“I’m broken.” Have you ever said those words to yourself? Have you ever believed them? Spoke them to truth? Identified with them until they became the way you looked at your reflection in the bedroom mirror?
‘Broken’ is a word we use to describe ourselves when something aches, when something goes wrong, when we lose someone we love or a relationship falls apart around us. ‘Broken’ is a word we cling to, sometimes even desperately, when we no longer know who we are without the security of a loved one’s arms around our shoulders, or feelings of security we’ve grown comfortable with.
‘Broken’ is a word we’ve learned to claim, a word that has become more of a noun than an adjective.
But we are not broken.
There may be pieces of us that ache. There may be fragments of our hearts left in ruins after a breakup or loss. There may be voices in our head telling us that we can’t, that we’re alone, that there’s nothing left for us. There may be things that feel off, or wrong. There may be moments where we can barely lift our head from the pillows, or when we turn our face from the sun.

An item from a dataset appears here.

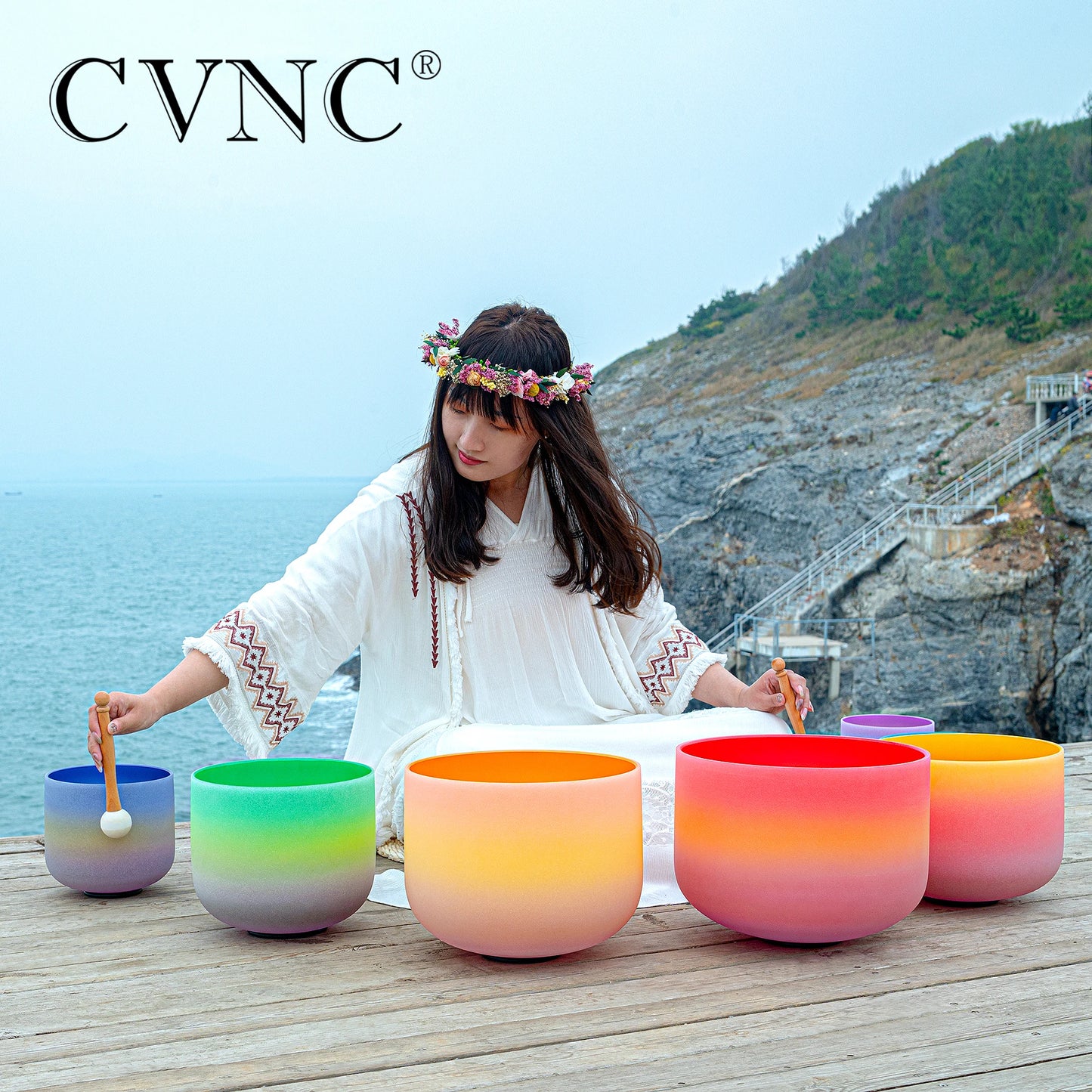 CVNC 6-12 Inch Colored Frosted Quartz Crystal Singing Bowls 7 chakra set for sound healing instrument with Bag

There may be so much loss around us, it feels like we’ll never find our footing again.
But we are not broken.
See, ‘broken’ is an adjective, a description. ‘Broken’ is temporary state of being, a stage, a moment, a feeling. You can have parts that are broken, or moments where you feel broken. But the truth is, you are not a broken person.
You are always whole, always complete, always full and worthy.
And never less than that, despite any pain you may feel or face.
We’ve grown so accustomed to believing that the sin, the hurt, the negative experiences we face write our story—but they don’t. Yes, there is something to be learned in every fall and failure, but our self-definition is not based upon the times we’ve lost our way.
We are, instead, defined by how we rise, how we continue, how we pick up our pieces, heal back together, and start again.
We may be bruised. We may be missing a few parts that we’ll soon rediscover in time. We may have a hell of a time getting back up again. But we are never broken beyond repair.
’Broken’ is a describing word, not a noun. We can feel broken, we can act broken, we can sound or look broken, but we are not broken.
Remember that whatever you face, whatever circumstances this life throws at you, whatever pain you feel deep within your chest—this is valid—feel it, embrace it, try to understand it, accept it, change from it, grow because of it, but do not identify with it.
Hold onto your self-worth, your self-love, the sense of who you are and always will be. Regardless of who walks away, who leaves, who passes, what happens, or what’s next—you are always a whole and complete person. Nothing will ever change that.